#### [Exercise goal]
Report each line of the entries below that has the word "Girls" in it.

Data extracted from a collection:

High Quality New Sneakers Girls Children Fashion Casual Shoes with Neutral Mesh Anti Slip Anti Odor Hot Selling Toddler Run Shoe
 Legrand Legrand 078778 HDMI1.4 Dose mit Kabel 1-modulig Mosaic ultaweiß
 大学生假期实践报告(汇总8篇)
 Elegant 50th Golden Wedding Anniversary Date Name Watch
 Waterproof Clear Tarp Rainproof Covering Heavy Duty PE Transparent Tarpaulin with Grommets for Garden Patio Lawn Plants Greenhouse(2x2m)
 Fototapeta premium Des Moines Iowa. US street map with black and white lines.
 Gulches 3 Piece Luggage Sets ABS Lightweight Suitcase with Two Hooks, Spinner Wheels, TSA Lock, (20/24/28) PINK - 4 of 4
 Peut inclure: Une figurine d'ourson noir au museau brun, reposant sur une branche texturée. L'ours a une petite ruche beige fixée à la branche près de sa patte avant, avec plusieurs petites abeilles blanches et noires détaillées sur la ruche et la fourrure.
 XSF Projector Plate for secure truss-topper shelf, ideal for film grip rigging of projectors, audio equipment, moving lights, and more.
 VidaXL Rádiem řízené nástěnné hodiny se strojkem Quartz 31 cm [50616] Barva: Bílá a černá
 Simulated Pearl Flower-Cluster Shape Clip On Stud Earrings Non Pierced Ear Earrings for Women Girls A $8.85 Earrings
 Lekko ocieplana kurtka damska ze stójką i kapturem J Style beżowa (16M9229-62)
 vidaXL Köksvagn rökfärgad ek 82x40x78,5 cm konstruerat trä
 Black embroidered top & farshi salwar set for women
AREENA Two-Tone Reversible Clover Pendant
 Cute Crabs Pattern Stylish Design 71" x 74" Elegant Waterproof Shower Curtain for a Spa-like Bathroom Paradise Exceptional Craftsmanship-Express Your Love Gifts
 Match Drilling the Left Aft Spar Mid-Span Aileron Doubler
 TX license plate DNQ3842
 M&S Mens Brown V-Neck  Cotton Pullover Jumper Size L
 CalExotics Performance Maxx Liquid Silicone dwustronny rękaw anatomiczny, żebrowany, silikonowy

#### [Answer to this exercise]
High Quality New Sneakers Girls Children Fashion Casual Shoes with Neutral Mesh Anti Slip Anti Odor Hot Selling Toddler Run Shoe
 Simulated Pearl Flower-Cluster Shape Clip On Stud Earrings Non Pierced Ear Earrings for Women Girls A $8.85 Earrings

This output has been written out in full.